# Need Help identifying a Bolens Snow Thrower



## Sblg43 (Jan 18, 2014)

I picked up this broken Bolens snow thrower last year and am finally getting a chance to look it over. The engine is a 5HP Tecumseh that runs strong.

It seems that the only thing that doesn't work on this machine, is the front auger blades. The shear pins are intact. So my guess is that the worm gear is damaged.

However, there are no identifying numbers anywhere on the machine that suggest a model number. It seems to be in great shape, except that it can't throw the snow 

The engine is a Tecumseh HS50-67257F serial 5233B. Based on the serial number, it appears to be a machine from 1985 or 1995?

Any ideas? Thanks


----------



## UNDERTAKER (Dec 30, 2013)

I WOULD guess it to be a 1995 model. but I have been wrong before.


----------



## Sblg43 (Jan 18, 2014)

I have a friend who had one similar but it was green. His was a Bolens 5210. So I am going to assume that this is close enough to that so that the parts will work.


----------



## classiccat (Mar 1, 2014)

That's a pretty stout, clean-looking machine.

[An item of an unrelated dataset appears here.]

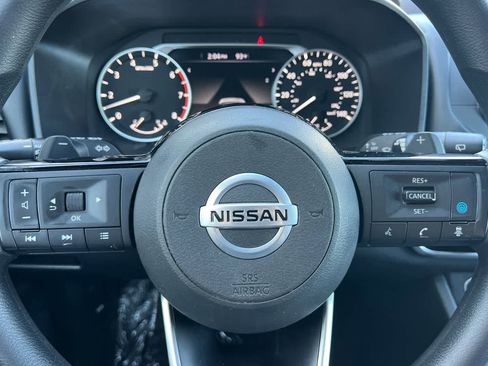 Used 2021 Nissan Rogue SV AWD/4WD image 29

did you try disconnecting the spark plug, removing the belt cover, engaging the auger and rotating the auger pulley by hand?


----------



## Sblg43 (Jan 18, 2014)

I pulled the plug on the front auger differential (is that the correct word for it?)

Lots of brass shavings!

Now I have to decide if I want to fix it.

A new brass gear on fleabay and other internet locations is going for $69 - $89.

Since I have so many other working snow throwers, I don't want to keep this one but it seems a shame to scrap it. I will probably fix it and try to sell it.


----------